Supplied material:
━━━

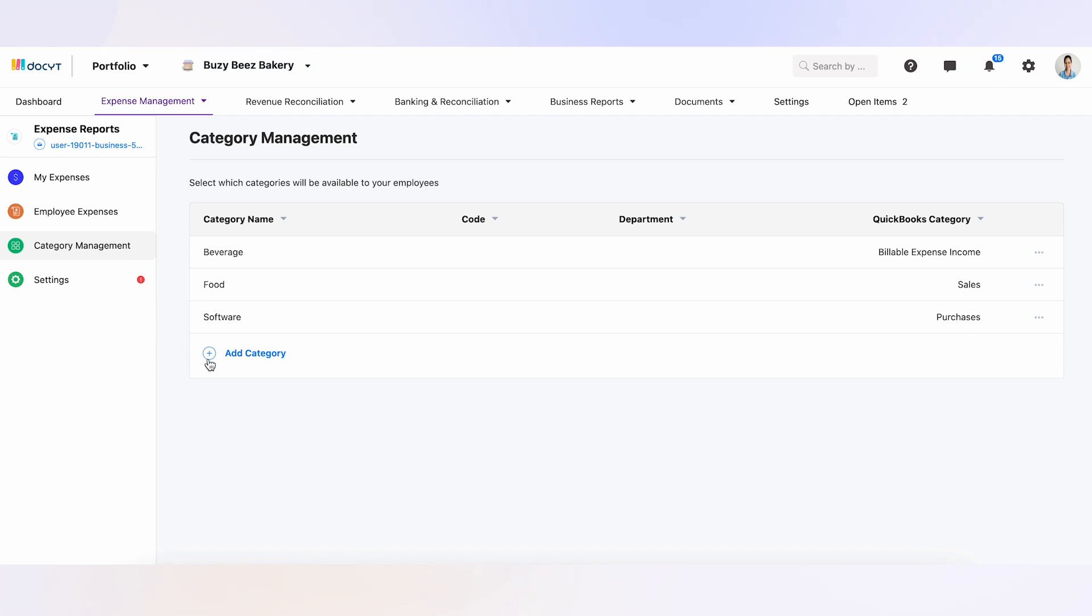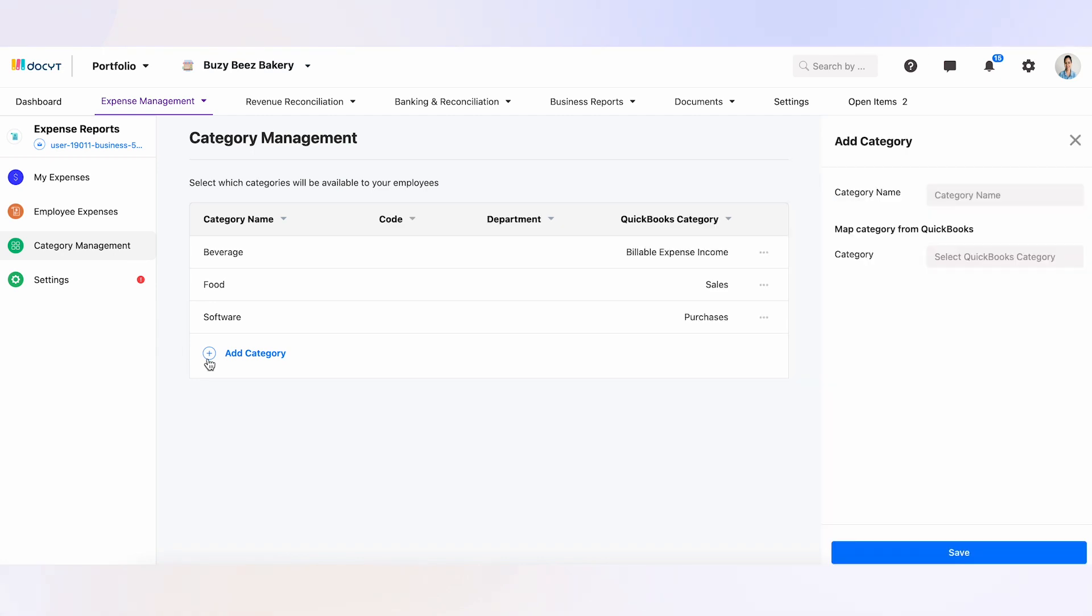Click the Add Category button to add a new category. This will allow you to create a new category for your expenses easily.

━━━

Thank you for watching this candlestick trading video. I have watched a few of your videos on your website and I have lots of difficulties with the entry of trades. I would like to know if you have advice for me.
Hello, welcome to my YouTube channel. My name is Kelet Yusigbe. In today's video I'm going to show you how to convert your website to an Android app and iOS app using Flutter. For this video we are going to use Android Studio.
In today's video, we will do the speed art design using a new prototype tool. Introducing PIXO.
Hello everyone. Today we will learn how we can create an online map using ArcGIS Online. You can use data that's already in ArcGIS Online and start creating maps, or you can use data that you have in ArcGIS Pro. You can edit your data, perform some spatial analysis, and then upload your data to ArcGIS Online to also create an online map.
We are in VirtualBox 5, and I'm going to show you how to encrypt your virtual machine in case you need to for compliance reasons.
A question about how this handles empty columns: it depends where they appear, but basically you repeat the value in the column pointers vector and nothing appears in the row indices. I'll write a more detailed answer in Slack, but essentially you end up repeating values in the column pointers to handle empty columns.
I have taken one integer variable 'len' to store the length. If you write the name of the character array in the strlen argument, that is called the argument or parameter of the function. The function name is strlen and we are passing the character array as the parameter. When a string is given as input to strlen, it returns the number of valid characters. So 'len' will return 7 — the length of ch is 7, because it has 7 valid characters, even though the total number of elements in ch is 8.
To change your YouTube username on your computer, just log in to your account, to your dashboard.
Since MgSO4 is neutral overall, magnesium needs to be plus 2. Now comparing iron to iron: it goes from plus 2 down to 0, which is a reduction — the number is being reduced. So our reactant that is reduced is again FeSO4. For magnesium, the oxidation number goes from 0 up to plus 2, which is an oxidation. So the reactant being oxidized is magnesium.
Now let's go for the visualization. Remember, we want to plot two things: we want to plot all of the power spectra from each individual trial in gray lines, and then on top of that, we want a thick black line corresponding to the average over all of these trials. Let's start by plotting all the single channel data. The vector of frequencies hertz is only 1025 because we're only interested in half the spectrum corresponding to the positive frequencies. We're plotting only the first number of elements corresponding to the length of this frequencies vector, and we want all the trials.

━━━

Prompt: For this exercise, copy each line from the listing above that has the word "show".

Solution to this task:
Hello, welcome to my YouTube channel. My name is Kelet Yusigbe. In today's video I'm going to show you how to convert your website to an Android app and iOS app using Flutter. For this video we are going to use Android Studio.
We are in VirtualBox 5, and I'm going to show you how to encrypt your virtual machine in case you need to for compliance reasons.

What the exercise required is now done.